Turning a crotch piece of European birch for a wall hanging. This is what I got.





The wood was really wet, look how it dried with all that crazy grain.





Going on the wall anyway.

Graybeard

Reactions: Like 4 | EyeCandy! 1 | Way Cool 6


----------



## pinky (Jul 11, 2015)

Throw it and see if it comes back.

Reactions: Funny 3


----------



## Nature Man (Jul 11, 2015)

The shape now looks like a chair bottom. Chuck


----------



## Schroedc (Jul 11, 2015)

Looks like a record left in the sun. Way cool!


----------



## Kevin (Jul 11, 2015)

Looks like a UFO. Those aliens that crashed in Roswell were rumored to have been sipping some moonshine they got from abducting a hillbilly in the Ozarks.


----------



## justallan (Jul 11, 2015)

OOPS! I notice NOW that it actually says birch.
Nice chunk of wood David. I'm thinking you need a handle on it and tell all the little crumb-snatchers that come over that it's a paddle.

Reactions: Funny 1


----------



## MikeMD (Jul 11, 2015)

R's and T's are quite close on a keyboard, aren't they, Allan?
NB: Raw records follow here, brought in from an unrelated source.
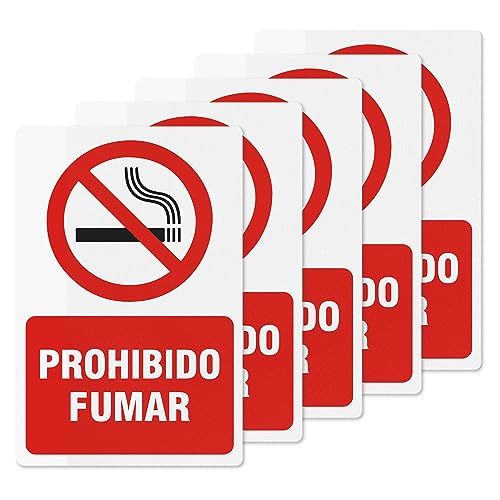 Pegatinas Prohibido Fumar Adhesiva - Señales de Advertencia para No Fumar Espacio sin Humo 20x30cm - 5ud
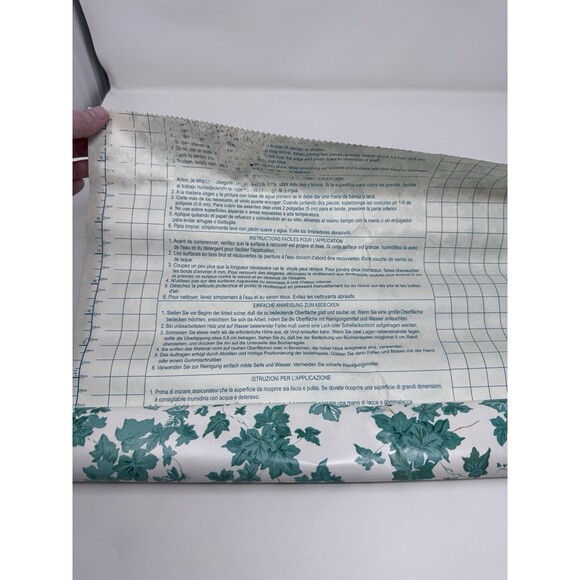 Vintage Adheso Self Adhesive Vinyl Shelf Liner Drawer Paper Ivy Leaves Set of 2 - Picture 5 of 7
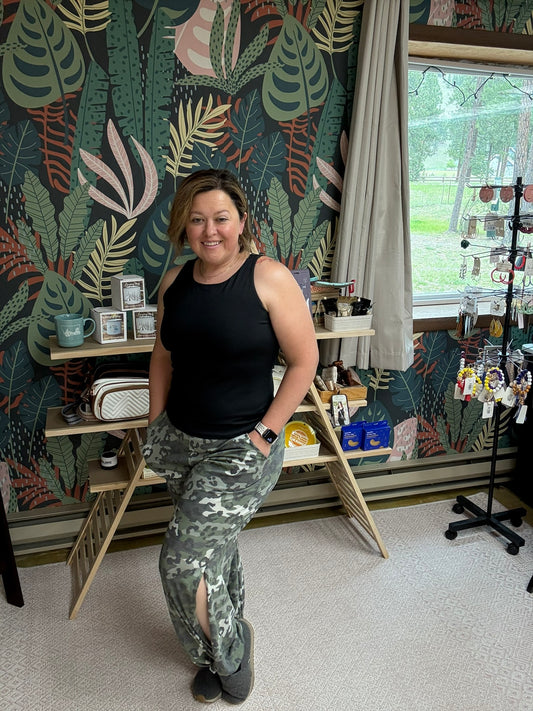Leopard Camo Side Slit Ankle Tie Pants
Beautiful wood, David. Now, was this the very middle of the crotch (pith in), or was it just to one side?

Also, I'm guessing that there isn't much of a 'base' to the bottom, so it is more like a Pringle potato chip...is that right?

Reactions: Funny 1


----------



## Graybeard (Jul 11, 2015)

Thank you everyone. Allan, you made me go back and be sure I wrote it right.

It was cut right down the middle cutting the pith out. I wasn't able to get any bigger piece on my lathe since it only has a 16 inch swing. This piece is about 15 1/2 inches in diameter.
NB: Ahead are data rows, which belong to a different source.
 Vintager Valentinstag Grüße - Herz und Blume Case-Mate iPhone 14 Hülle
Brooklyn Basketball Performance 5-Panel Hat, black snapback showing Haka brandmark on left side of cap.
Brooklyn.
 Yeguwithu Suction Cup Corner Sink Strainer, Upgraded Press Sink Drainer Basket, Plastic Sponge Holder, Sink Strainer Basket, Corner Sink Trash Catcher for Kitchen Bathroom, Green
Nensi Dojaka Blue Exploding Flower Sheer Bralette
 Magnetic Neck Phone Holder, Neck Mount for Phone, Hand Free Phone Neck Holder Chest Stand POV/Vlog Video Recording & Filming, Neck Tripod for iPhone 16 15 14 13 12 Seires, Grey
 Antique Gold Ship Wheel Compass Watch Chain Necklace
I have the other half and am considering a natural edge bowl like George did in his thread on his walnut barn door thread. The trouble I have with bowls and crotch wood is I end up turning away some really nice figure. I may just do another wall hanging. Make an interesting clock too.

Graybeard

Reactions: Like 1 | Agree 1


----------



## Graybeard (Jul 12, 2015)

Just an update. I ripped the other half into two pieces, sealed with anchor seal and put them with shavings into a burlap coffee bean bag to dry a bit before turning.

Assuming it dries a problem I see is if it gets too dry it will be really hard to turn with all that grain going crazy. As it was the one above was hard enough with my gouge bouncing all over. I sharpened like crazy and still it was rough going.

Any advice?

Graybeard


----------



## barry richardson (Jul 12, 2015)

I like it David!


----------



## MikeMD (Jul 12, 2015)

Advice? Yeah... turn it green! Ain't no more fun way to turn. Then dry it.


----------



## DKMD (Jul 12, 2015)

The only suggestions I have are to turn it in small sections from rim to center. Also, try shear scraping or shear cutting each section before moving on to the next.

I wonder if some of your bouncing was due to wood movement while you were turning? Sometimes figured wet stuff will start to warp pretty quickly when I've got it on the lathe.


----------



## Graybeard (Jul 13, 2015)

David, I think you hit the nail on the head. It warped as I turned it.

I'm going to let it sit a bit in the bag and see if it dries some, then turn it. We've got a houseful of grandchildren this week so I really have no other choice. Between chasing them and their dog I'm lucky to have gotten it sealed and bagged.

Graybeard


----------